***** Exercise data *****
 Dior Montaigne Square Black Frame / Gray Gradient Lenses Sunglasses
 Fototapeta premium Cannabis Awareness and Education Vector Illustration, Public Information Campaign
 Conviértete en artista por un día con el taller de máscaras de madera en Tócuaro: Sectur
*****
***** Exercise data *****
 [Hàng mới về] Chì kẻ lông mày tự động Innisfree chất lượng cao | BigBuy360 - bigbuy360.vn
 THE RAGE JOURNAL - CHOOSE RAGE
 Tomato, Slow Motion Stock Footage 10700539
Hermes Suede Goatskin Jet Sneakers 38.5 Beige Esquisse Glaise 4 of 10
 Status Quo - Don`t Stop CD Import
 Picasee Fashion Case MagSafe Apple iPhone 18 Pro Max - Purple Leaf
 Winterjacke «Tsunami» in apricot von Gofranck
*****
* Exercise requirements
Both end lines included, restate word for word the lines above from the line with "Dior Montaigne Square" to the line with "Conviértete en artista", and nothing else.

* Task response
 Dior Montaigne Square Black Frame / Gray Gradient Lenses Sunglasses
 Fototapeta premium Cannabis Awareness and Education Vector Illustration, Public Information Campaign
 Conviértete en artista por un día con el taller de máscaras de madera en Tócuaro: Sectur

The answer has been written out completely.